If your bucket is versioning-suspended, the Delete API operations behave the same way for versioning enabled buckets (except for when the current version has a null version ID). For more information, see Deleting objects from versioning-suspended buckets.

Deleting objects from an unversioned bucket

If your bucket is unversioned, you can specify the object's key in the Delete API operations and Amazon S3 will permanently delete the object. To prevent permanent deletion of an object, enable bucket versioning.

Deleting objects from an MFA-enabled bucket

When deleting objects from a multi-factor authentication (MFA)-enabled bucket, note the following:

  • If you provide an MFA token that isn't valid, the request always fails.
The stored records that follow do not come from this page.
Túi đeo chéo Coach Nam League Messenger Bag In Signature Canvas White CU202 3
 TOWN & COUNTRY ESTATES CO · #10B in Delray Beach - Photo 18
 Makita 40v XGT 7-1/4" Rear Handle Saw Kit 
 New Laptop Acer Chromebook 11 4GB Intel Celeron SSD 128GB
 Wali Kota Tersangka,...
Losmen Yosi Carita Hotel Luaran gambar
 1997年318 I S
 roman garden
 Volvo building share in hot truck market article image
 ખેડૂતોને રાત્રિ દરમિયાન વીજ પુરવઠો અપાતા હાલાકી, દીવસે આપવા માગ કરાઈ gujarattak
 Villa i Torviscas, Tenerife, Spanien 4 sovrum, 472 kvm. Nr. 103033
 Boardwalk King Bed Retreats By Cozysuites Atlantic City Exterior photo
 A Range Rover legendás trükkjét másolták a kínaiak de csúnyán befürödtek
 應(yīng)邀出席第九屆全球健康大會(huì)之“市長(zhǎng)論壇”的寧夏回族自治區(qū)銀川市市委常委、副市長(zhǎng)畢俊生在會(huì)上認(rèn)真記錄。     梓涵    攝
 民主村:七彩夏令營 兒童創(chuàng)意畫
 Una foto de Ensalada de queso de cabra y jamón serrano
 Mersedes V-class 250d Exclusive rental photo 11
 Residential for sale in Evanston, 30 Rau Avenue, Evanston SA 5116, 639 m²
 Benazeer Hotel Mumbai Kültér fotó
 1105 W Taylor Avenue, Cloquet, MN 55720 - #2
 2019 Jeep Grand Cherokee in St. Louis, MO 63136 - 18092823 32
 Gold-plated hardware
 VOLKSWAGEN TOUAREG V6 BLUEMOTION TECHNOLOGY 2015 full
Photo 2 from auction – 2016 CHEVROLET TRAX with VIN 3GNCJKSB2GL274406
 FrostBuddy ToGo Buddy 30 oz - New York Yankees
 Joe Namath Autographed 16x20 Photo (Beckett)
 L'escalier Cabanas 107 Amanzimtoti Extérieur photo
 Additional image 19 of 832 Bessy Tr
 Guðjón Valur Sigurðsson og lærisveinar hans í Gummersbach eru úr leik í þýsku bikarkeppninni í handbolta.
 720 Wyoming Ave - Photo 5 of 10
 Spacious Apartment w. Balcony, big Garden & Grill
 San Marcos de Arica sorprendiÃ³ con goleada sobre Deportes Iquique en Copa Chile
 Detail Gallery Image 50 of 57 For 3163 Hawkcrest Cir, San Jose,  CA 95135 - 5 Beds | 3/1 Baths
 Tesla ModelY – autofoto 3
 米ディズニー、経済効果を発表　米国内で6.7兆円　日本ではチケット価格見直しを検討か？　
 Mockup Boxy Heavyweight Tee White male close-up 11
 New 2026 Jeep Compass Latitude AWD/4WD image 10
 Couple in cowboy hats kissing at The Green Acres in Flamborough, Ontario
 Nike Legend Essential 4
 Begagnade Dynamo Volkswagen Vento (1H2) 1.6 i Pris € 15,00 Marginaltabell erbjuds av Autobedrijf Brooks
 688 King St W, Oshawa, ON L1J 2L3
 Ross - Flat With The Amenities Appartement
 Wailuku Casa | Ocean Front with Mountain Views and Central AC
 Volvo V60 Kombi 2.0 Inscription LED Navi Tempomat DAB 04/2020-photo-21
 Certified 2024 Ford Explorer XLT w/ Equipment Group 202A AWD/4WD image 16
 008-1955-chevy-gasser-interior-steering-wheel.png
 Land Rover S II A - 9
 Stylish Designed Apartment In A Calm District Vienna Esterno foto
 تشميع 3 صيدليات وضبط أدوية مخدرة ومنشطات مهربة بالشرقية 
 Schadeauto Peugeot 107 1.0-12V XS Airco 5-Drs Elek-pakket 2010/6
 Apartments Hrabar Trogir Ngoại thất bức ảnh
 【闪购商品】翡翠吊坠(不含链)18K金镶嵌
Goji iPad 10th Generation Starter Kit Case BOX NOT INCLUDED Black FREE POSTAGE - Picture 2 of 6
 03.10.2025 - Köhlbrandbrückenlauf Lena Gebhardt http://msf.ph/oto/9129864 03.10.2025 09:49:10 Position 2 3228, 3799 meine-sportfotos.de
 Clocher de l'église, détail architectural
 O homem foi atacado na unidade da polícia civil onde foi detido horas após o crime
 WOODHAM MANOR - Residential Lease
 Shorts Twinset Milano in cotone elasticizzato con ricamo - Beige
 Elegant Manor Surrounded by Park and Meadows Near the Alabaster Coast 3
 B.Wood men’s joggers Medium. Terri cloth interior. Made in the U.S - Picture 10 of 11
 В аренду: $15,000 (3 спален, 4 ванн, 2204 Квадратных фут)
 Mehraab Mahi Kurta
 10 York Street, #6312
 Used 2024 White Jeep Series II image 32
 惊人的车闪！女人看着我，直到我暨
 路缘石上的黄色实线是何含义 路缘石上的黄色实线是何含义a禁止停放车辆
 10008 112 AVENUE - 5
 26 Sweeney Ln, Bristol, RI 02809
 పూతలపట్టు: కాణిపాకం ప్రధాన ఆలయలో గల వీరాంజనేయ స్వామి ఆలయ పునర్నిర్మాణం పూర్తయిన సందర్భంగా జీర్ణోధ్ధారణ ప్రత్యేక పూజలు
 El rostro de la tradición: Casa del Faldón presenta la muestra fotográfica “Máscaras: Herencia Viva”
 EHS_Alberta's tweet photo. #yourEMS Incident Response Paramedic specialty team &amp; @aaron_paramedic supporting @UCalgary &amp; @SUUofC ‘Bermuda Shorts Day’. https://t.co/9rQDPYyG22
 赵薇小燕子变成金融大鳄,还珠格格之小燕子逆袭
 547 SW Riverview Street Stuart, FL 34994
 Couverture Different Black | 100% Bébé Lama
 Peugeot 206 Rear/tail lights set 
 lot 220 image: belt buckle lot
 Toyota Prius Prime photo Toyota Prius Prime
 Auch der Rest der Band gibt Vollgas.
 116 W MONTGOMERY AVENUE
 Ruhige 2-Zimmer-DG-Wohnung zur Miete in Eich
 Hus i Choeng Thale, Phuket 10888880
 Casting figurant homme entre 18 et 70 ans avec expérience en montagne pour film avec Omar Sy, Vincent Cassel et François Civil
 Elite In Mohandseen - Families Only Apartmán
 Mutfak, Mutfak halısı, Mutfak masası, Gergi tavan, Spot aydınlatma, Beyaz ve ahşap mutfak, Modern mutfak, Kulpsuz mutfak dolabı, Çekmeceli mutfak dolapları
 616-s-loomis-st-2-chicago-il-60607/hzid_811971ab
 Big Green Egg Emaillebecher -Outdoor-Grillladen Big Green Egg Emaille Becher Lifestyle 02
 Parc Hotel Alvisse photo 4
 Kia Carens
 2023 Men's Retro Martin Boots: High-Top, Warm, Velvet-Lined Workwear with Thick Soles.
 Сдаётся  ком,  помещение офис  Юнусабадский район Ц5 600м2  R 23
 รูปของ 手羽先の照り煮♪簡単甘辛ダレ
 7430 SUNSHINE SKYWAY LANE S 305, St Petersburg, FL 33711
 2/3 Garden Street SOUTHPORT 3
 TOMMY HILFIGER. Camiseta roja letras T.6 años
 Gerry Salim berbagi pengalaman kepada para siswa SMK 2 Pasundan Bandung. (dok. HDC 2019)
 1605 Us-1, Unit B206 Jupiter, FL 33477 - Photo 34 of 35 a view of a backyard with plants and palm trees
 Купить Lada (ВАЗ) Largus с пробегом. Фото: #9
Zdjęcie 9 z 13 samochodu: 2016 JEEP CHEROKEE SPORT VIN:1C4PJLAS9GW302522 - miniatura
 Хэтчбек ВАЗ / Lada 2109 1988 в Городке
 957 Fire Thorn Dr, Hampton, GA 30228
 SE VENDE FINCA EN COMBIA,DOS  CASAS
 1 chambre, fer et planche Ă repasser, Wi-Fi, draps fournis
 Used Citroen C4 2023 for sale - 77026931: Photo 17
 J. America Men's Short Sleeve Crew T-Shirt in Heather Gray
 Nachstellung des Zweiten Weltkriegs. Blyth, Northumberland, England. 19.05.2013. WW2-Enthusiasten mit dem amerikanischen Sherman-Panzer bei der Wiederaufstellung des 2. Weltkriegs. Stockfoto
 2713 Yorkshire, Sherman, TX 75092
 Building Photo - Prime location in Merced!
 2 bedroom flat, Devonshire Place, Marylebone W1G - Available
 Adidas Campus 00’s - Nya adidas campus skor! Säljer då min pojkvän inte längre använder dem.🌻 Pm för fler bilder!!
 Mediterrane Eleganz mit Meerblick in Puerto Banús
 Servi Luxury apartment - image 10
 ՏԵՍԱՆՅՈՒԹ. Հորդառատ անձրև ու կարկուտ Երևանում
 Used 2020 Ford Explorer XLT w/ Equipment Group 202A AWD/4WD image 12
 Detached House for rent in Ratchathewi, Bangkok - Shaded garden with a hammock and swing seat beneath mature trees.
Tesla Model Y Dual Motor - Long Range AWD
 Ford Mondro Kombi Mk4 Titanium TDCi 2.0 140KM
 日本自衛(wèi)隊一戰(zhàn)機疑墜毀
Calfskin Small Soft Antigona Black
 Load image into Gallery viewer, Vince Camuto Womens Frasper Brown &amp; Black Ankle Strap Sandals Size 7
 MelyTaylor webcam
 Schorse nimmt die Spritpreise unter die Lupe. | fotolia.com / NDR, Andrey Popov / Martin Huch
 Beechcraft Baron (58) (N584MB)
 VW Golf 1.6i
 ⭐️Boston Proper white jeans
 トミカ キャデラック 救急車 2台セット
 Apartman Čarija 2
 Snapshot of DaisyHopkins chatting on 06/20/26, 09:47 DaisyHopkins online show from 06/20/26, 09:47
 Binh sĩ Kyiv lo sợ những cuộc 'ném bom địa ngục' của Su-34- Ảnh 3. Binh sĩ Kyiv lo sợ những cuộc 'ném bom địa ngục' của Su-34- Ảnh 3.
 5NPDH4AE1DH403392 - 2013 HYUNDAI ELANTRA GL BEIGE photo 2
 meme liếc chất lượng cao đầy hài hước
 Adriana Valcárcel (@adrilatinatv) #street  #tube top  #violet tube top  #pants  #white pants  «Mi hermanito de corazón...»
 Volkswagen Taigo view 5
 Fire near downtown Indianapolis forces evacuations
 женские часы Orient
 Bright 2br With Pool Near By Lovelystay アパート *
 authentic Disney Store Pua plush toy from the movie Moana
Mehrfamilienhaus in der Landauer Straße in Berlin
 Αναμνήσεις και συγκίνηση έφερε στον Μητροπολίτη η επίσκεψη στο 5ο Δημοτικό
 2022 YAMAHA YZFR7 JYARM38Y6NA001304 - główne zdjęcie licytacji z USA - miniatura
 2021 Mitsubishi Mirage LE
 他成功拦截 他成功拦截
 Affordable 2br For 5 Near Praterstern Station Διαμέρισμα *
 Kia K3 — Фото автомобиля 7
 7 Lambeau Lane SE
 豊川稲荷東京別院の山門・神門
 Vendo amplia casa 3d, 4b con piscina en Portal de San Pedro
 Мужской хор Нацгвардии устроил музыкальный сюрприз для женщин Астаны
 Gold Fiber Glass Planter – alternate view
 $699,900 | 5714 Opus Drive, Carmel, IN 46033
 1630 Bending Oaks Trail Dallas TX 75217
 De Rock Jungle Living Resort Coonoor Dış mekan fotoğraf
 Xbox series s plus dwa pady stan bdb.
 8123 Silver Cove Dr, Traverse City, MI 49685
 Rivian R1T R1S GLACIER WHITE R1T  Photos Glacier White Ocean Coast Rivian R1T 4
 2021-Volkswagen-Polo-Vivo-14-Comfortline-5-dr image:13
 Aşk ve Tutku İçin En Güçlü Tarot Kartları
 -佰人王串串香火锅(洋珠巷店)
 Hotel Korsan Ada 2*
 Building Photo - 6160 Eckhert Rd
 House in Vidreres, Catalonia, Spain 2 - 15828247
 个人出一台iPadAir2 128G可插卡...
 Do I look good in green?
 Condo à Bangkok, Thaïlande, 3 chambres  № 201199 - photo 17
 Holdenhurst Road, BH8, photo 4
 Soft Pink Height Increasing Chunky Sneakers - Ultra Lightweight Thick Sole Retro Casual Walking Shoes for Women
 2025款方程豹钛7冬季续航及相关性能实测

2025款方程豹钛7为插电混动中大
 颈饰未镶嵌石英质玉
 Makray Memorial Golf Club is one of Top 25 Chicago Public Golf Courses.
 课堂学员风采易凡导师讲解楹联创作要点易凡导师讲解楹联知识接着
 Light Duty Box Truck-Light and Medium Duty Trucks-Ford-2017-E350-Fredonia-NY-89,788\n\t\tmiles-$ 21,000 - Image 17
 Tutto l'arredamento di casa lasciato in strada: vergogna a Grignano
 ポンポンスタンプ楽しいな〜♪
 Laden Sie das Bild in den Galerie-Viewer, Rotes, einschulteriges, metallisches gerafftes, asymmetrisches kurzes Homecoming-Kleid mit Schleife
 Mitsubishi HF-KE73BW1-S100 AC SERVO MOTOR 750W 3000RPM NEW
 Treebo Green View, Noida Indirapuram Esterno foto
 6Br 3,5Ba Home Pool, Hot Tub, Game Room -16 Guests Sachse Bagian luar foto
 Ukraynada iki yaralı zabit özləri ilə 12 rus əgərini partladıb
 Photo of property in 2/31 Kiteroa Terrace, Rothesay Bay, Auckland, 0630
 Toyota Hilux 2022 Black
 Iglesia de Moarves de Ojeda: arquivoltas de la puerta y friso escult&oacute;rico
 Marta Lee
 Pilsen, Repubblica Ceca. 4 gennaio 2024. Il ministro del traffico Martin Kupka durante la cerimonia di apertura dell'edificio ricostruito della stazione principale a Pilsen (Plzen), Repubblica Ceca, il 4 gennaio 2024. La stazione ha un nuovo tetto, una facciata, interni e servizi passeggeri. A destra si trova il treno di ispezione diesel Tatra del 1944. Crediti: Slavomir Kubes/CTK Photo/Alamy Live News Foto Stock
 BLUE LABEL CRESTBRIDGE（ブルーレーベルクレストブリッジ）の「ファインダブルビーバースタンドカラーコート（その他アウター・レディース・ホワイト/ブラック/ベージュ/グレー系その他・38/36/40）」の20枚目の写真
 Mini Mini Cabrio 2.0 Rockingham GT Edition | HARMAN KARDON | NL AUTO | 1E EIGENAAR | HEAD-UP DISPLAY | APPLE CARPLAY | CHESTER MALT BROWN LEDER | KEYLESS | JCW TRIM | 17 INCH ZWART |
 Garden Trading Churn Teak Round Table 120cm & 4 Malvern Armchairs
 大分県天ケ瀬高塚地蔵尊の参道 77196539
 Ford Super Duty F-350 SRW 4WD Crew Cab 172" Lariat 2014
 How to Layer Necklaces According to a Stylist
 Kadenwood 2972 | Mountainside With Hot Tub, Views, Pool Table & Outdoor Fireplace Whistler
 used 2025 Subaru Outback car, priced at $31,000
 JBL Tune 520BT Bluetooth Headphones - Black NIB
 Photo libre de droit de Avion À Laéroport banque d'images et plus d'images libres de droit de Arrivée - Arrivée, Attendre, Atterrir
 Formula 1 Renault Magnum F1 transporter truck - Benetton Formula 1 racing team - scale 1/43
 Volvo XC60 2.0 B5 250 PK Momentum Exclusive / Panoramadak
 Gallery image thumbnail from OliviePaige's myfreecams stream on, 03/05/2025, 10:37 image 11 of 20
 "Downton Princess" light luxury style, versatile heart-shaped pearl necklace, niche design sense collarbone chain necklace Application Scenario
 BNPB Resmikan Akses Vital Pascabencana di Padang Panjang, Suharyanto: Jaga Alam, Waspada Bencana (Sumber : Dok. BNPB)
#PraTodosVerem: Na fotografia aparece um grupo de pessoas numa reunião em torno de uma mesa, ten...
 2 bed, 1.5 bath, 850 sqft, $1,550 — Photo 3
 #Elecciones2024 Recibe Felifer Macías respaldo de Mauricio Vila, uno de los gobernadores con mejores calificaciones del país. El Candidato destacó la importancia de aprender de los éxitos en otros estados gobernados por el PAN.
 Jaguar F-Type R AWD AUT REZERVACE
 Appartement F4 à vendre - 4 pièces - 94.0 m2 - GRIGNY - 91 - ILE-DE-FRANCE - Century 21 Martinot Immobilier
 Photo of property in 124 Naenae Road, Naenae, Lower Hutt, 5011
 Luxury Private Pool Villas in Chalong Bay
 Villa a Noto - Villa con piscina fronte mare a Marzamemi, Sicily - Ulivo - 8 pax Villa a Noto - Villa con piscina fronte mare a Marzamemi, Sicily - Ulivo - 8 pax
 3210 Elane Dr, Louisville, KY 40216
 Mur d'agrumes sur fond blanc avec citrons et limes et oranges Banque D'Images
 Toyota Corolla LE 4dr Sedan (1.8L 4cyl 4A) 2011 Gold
  • If you have an MFA-enabled bucket and you make a versioned delete request (you provide an object key and version ID), the request fails if you don't provide a valid MFA token. In addition, when using the multi-object Delete API operation on an MFA-enabled bucket, if any of the deletes are a versioned delete request (that is, you specify an object key and version ID), the entire request fails if you don't provide an MFA token.

However, in the following cases, the request succeeds:

  • If you have an MFA-enabled bucket and you make a non-versioned delete request (you are not deleting a versioned object), and you don't provide an MFA token, the delete succeeds.

  • If you have a Multi-Object Delete request that specifies only non-versioned objects to delete from an MFA-enabled bucket and you don't provide an MFA token, the deletions succeed.

For information about MFA delete, see Configuring MFA delete.